• **Task requirements**
Copy each line below as it stands, but skip any picture it contains.

***** Exercise materials *****

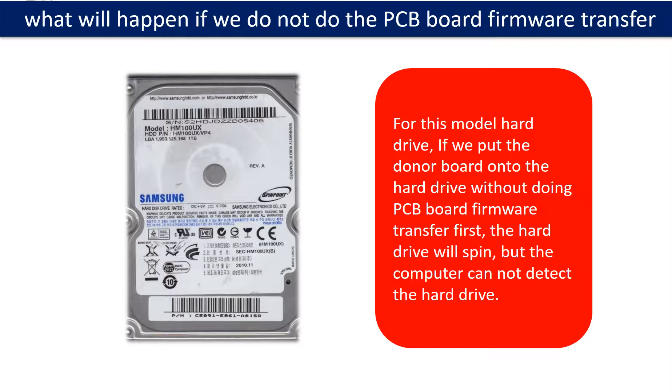For this model hard drive, if we put the donor PCB board onto the hard drive without doing the PCB board firmware transfer first, the hard drive will spin but the computer cannot detect the hard drive.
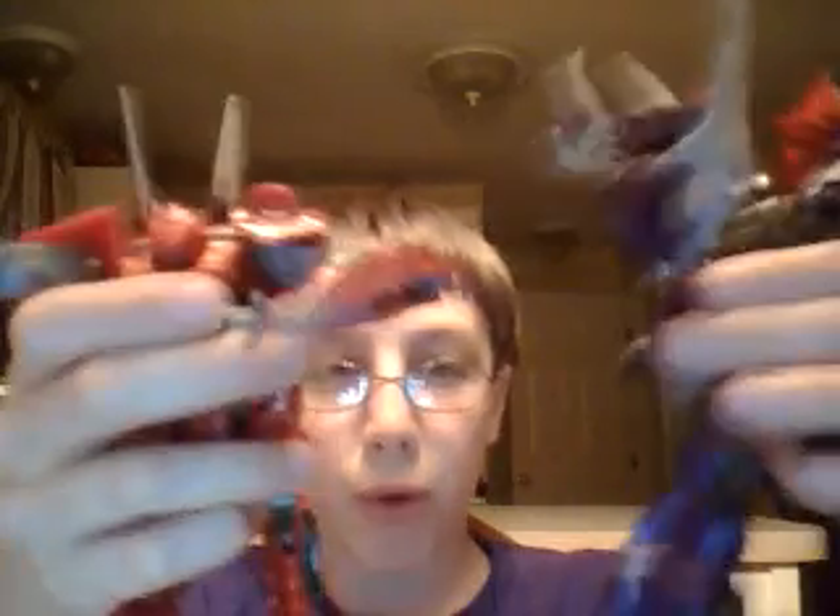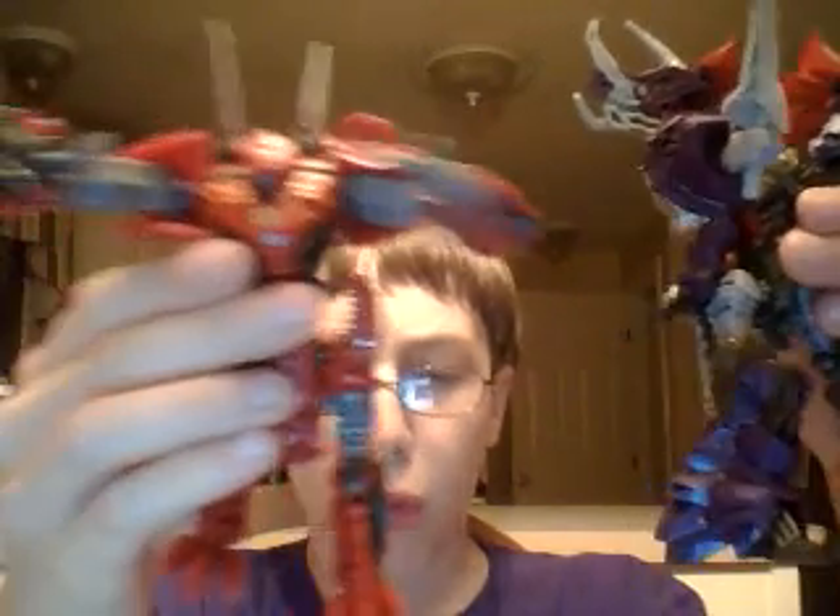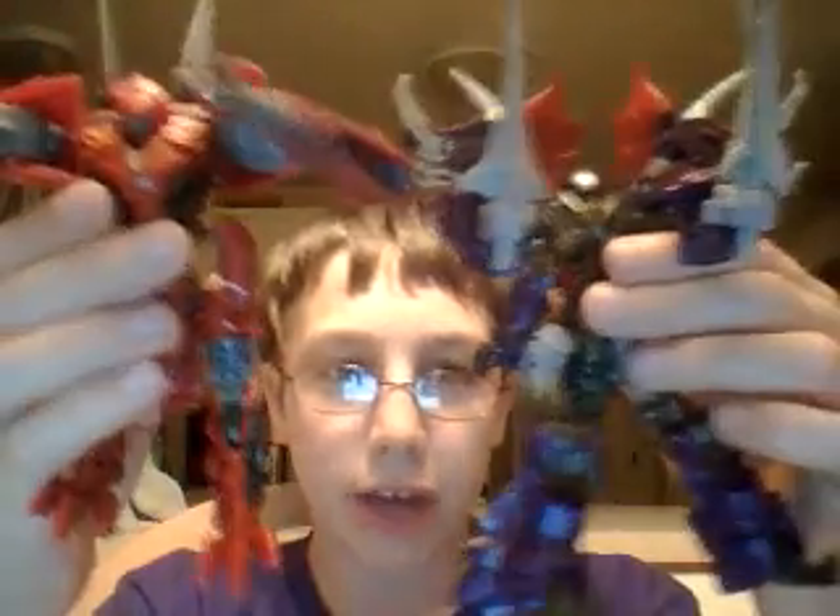I'll just show you these two one more time before I end the video. On the right is Scorn, the Spinosaurus, and on the left is the Triceratops, Slug, the Weapon Specialist. Thank you guys, and wish me luck — maybe I'll get more Transformer figurines to review too. These are the two I have so far and I'm going to add them to my collection. Hopefully I get more in the future, which is probably pretty soon. I will see you guys in another video. Peace out. Bye-bye.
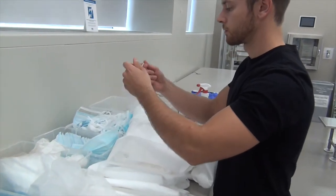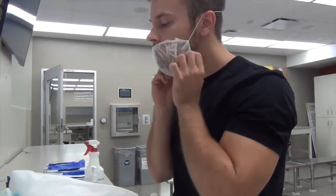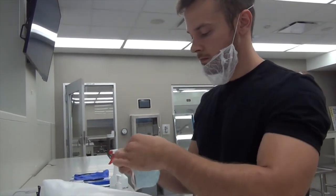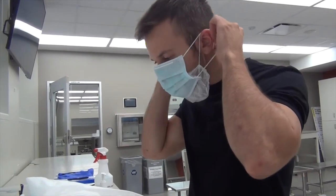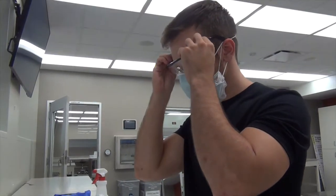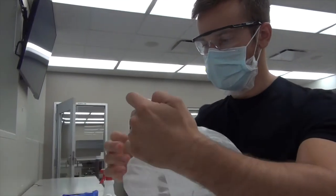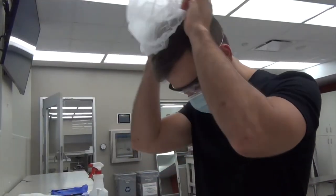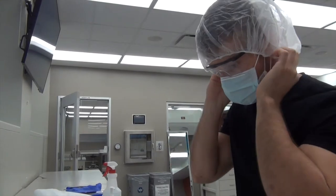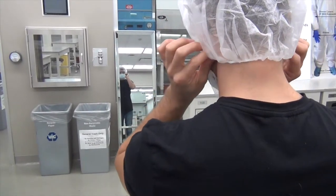Next, you are going to put on a beard mask if applicable and a face mask. Make sure that the face mask has the blue part on the inside. Next, you are going to put on a pair of goggles and then a hair net. Use the vertical mirror to make sure that all of your hair is covered.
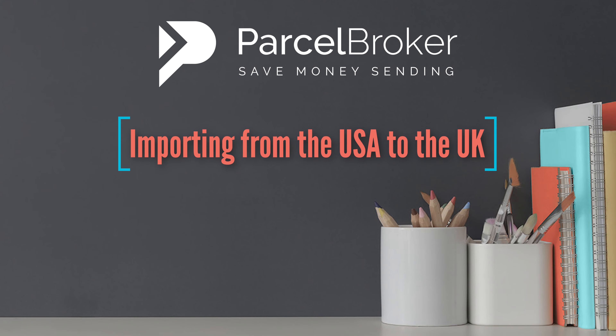In this video I'll show you how to import a parcel from the USA to the UK. If you've got something to collect anywhere in the United States or the rest of the world, then watch on to ensure you don't make any costly mistakes.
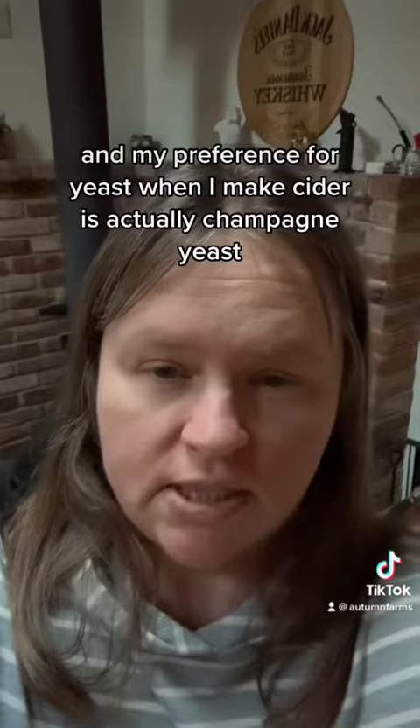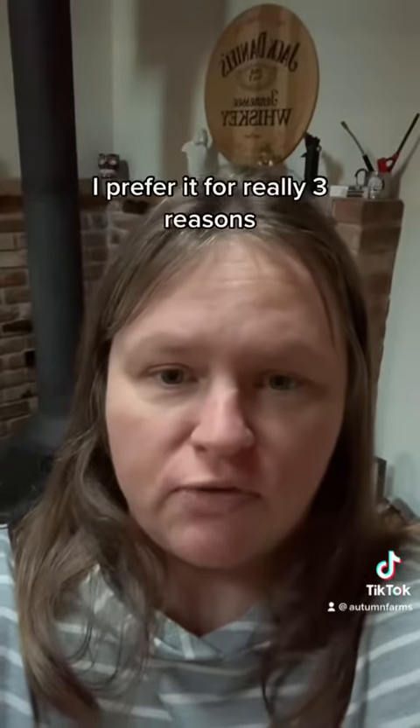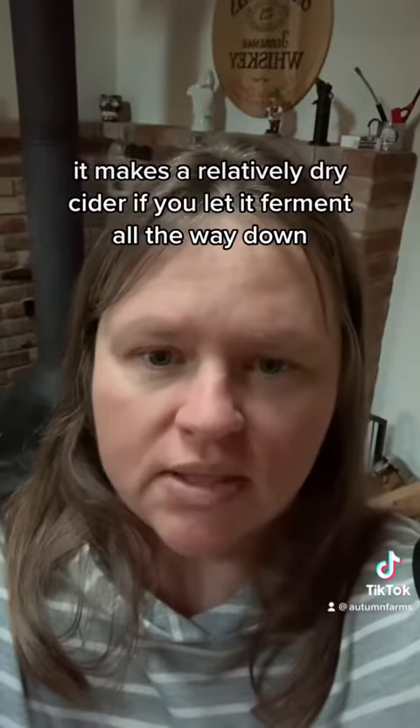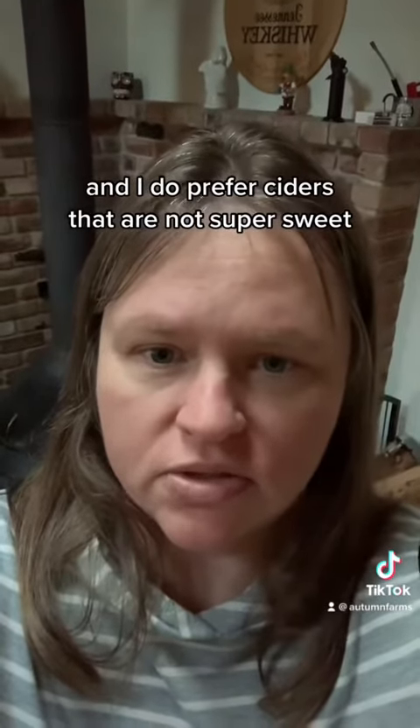My preference for yeast when I make cider is actually champagne yeast. I prefer it for three reasons. One, it's easily accessible and easy to work with. Two, it makes a relatively dry cider if you let it ferment all the way down, and I do prefer ciders that are not super sweet.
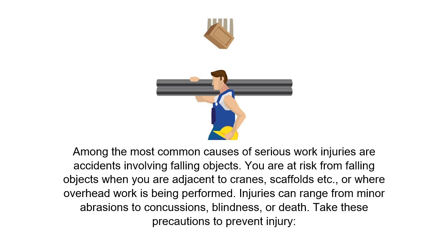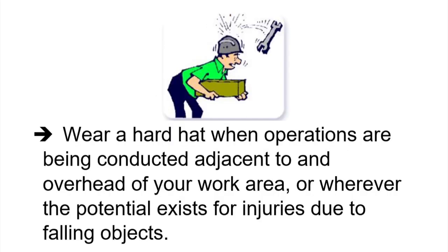Take these precautions to prevent injury. Wear a hard hat when operations are being conducted adjacent to an overhead of your work area, or wherever the potential exists for injuries due to falling objects.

*****

• **Answer for the task**
For this model hard drive, if we put the donor PCB board onto the hard drive without doing the PCB board firmware transfer first, the hard drive will spin but the computer cannot detect the hard drive.
I'll just show you these two one more time before I end the video. On the right is Scorn, the Spinosaurus, and on the left is the Triceratops, Slug, the Weapon Specialist. Thank you guys, and wish me luck — maybe I'll get more Transformer figurines to review too. These are the two I have so far and I'm going to add them to my collection. Hopefully I get more in the future, which is probably pretty soon. I will see you guys in another video. Peace out. Bye-bye.
Next, you are going to put on a beard mask if applicable and a face mask. Make sure that the face mask has the blue part on the inside. Next, you are going to put on a pair of goggles and then a hair net. Use the vertical mirror to make sure that all of your hair is covered.
In this video I'll show you how to import a parcel from the USA to the UK. If you've got something to collect anywhere in the United States or the rest of the world, then watch on to ensure you don't make any costly mistakes.
My preference for yeast when I make cider is actually champagne yeast. I prefer it for three reasons. One, it's easily accessible and easy to work with. Two, it makes a relatively dry cider if you let it ferment all the way down, and I do prefer ciders that are not super sweet.
Take these precautions to prevent injury. Wear a hard hat when operations are being conducted adjacent to an overhead of your work area, or wherever the potential exists for injuries due to falling objects.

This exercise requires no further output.